Well, the percentage of the Jewish population of Russia is just one per cent more than it is in the United States. The majority of the Jews themselves are not less well-behaved in Russia than they are here; they lived under restrictions which do not exist here; yet in Russia their genius has enabled them to attain a degree of power which has completely baffled the Russian mind. Whether you go to Rumania, Russia, Austria or Germany, or anywhere else that the Jewish Question has come to the forefront as a vital issue, you will discover that the principal cause is the outworking of the Jewish genius to achieve the power of control.
Here in the United States it is the fact of this remarkable minority—a sparse Jewish ingredient of three per cent in a nation of 110,000,000—attaining in 50 years a degree of control that would be impossible to a ten times larger group of any other race, that creates the Jewish Question here. Three per cent of any other people would scarcely occasion comment, because we could not meet with a representative of them wherever we went in high places—in the innermost secrecy of the councils of the Big Four at Versailles; in the supreme court; in the councils of the White House; in the vast dispositions of world finance—wherever there is power to get or use. Yet we meet the Jew everywhere in the upper circles, literally everywhere there is power. He has the brains, the initiative, the penetrative vision which almost automatically project him to the top, and as a consequence he is more marked than any other race.

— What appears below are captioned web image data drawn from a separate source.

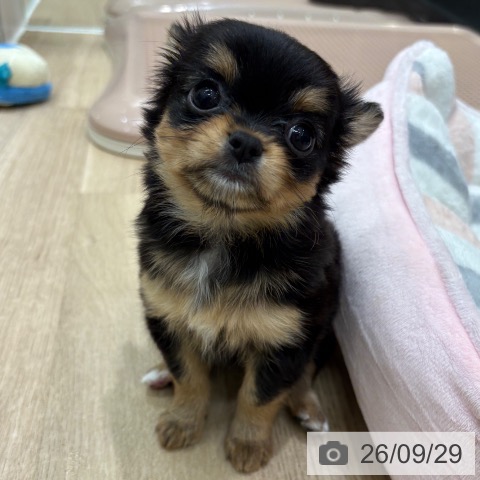 チワワの写真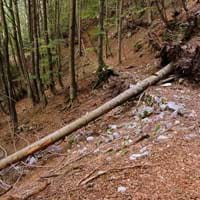 Brennholzreservierung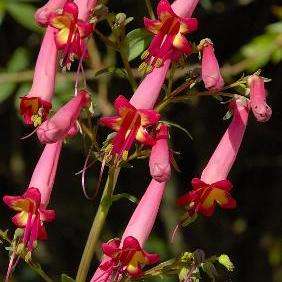 10 Phygelius capensis Seeds - Cold Hardy Cape Fuchsia Indigenous Shrub Seeds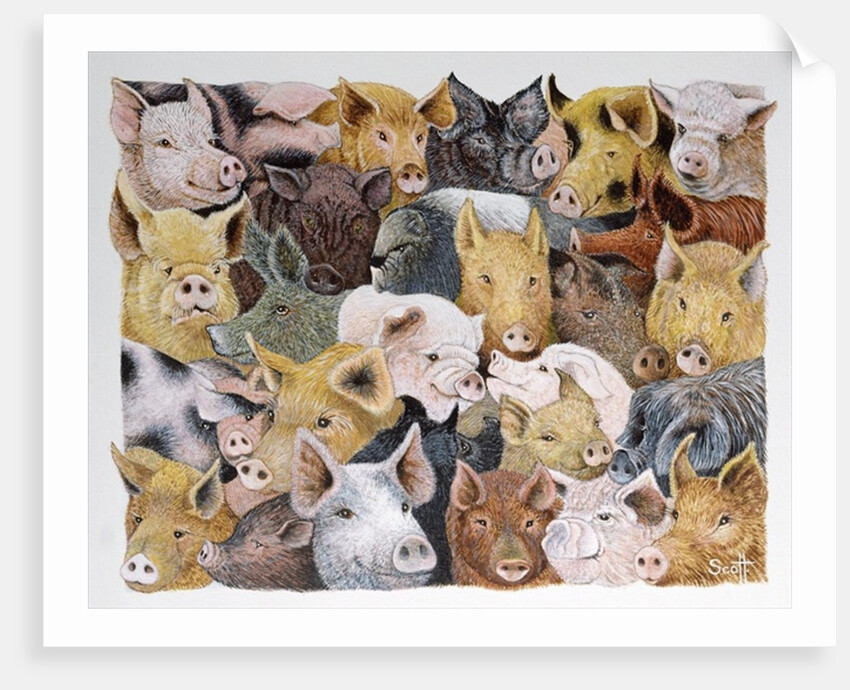 Pigs Galore by Pat Scott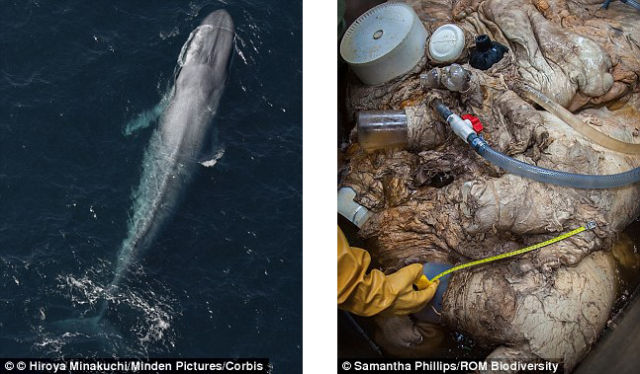 蓝鲸心脏首次曝光 系世界最大哺乳动物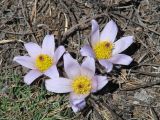 Pulsatilla turczaninovii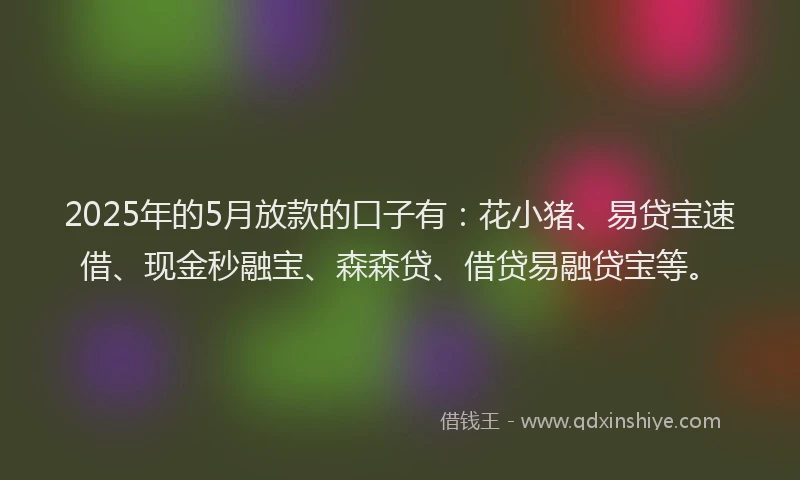2025年的5月放款的口子有：花小猪、易贷宝速借、现金秒融宝、森森贷、借贷易融贷宝等。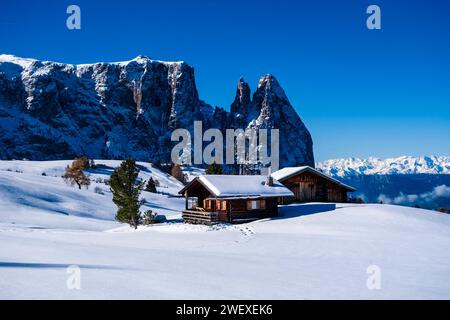 Campagna agricola collinare con alberi, capanne in legno e pascoli innevati presso l'Alpe di Siusi, in inverno, le vette del Monte Petz e dello Sciliar nel di Foto Stock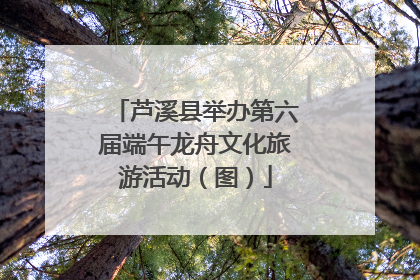 芦溪县举办第六届端午龙舟文化旅游活动（图）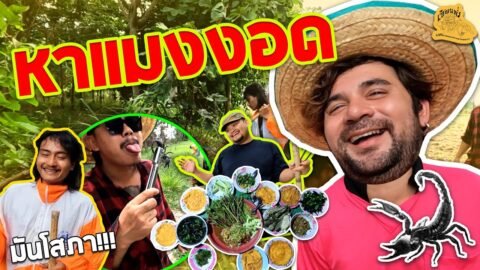 เซียนหรั่ง – วิถีชีวิตแบบมะลายยายอยาก l ตอน หาแมงงอด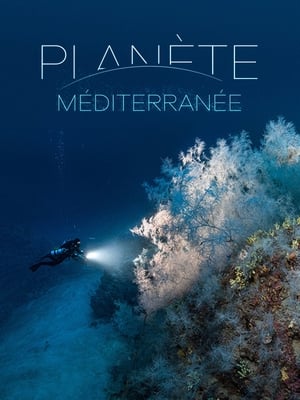 Planète Méditerranée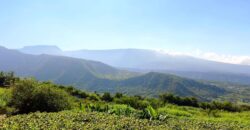 En vente une charmante maison F4 de 170 m² avec vue mer et montagne dans un cadre paisible à Bel Air, Saint-Joseph Réunion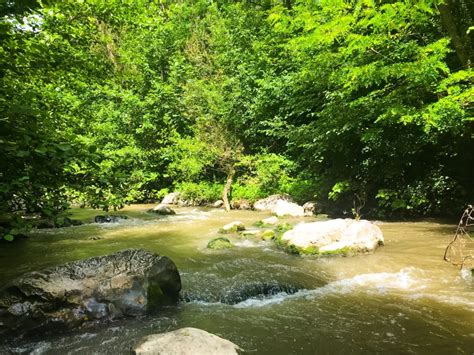 Turda Gorge: Land Of My Childhood In Transylvania - Wanderer Writes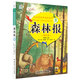 海潤陽(yáng)光 比安基經(jīng)典森林故事 圖文版 森林報 夏 三四年級五六年級小學(xué)生課外閱讀書(shū)籍兒童讀物10-15歲課外書(shū)8-12歲閱讀書(shū)目 
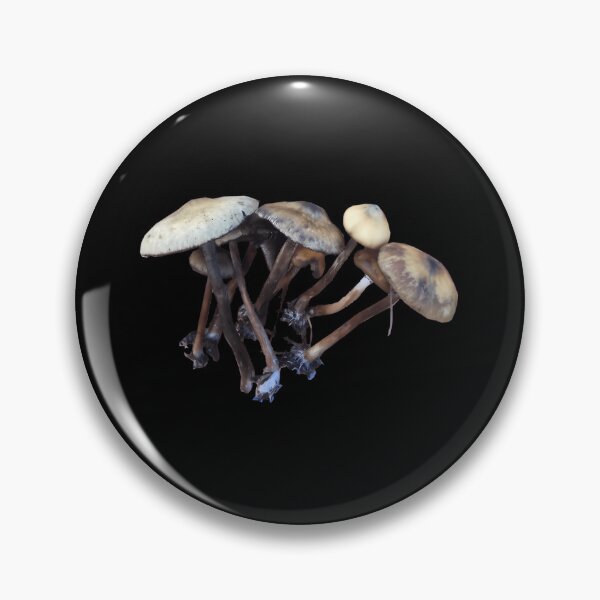 Item preview, Psilocybe subaeruginosa Mycology Design designed and sold by liyauqammarj.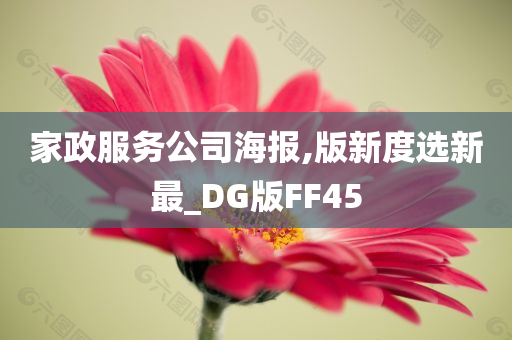 家政服务公司海报,版新度选新最_DG版FF45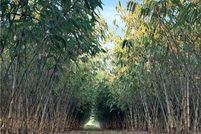 Land for sale in Hendry County, Florida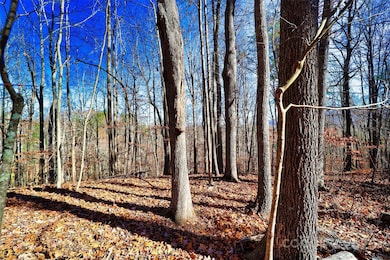 TBD Rockinghorse Trail unit Tract 3, Burnsville, NC 28714 - photo 2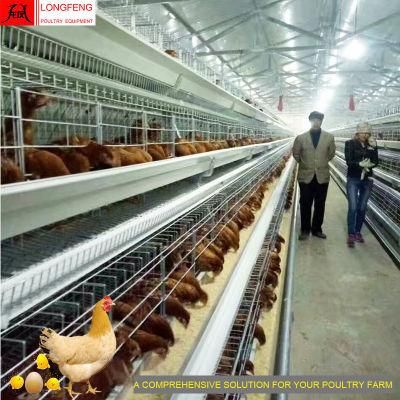 Longfeng Electric Hot Galvanized on-Site Installation Instruction Chicken Cage with Factory Price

And that is where the Jewish Question begins. It begins in very simple terms—How does the Jew so habitually and so resistlessly gravitate to the highest places? What puts him there? Why is he put there? What does he do there? What does the fact of his being there mean to the world?
That is the Jewish Question in its origin. From these points it goes on to others, and whether the trend becomes pro-Jewish or anti-Semitic depends on the amount of prejudice brought to the inquiry, and whether it becomes pro-Humanity depends on the amount of insight and intelligence.
The use of the word Humanity in connection with the word Jew usually throws a side-meaning which may not be intended. In this connection it is usually understood that the humanity ought to be shown toward the Jew. There is just as great an obligation upon the Jew to show his humanity toward the whole race. The Jew has been too long accustomed to think of himself as exclusively the claimant on the humanitarianism of society; society has a large claim against him that he cease his exclusiveness, that he cease exploiting the world, that he cease making Jewish groups the end and all of his gains, and that he begin to fulfill, in a sense his exclusiveness has never yet enabled him to fulfill, the ancient prophecy that through him all the nations of the earth should be blessed.
The Jew cannot go on forever filling the role of suppliant for the world's humanitarianism; he must himself show that quality to a society which seriously suspects his higher and more powerful groups of exploiting it with a pitiless rapacity which in its wide-flung and long drawn-out distress may be described as an economic pogrom against a rather helpless humanity. For it is true that society is as helpless before the well-organized extortions of certain financial groups, as huddled groups of Russian Jews were helpless against the anti-Semitic mob. And as in Russia, so in America, it is the poor Jew who suffers for the delinquencies of the rich exploiter of his race.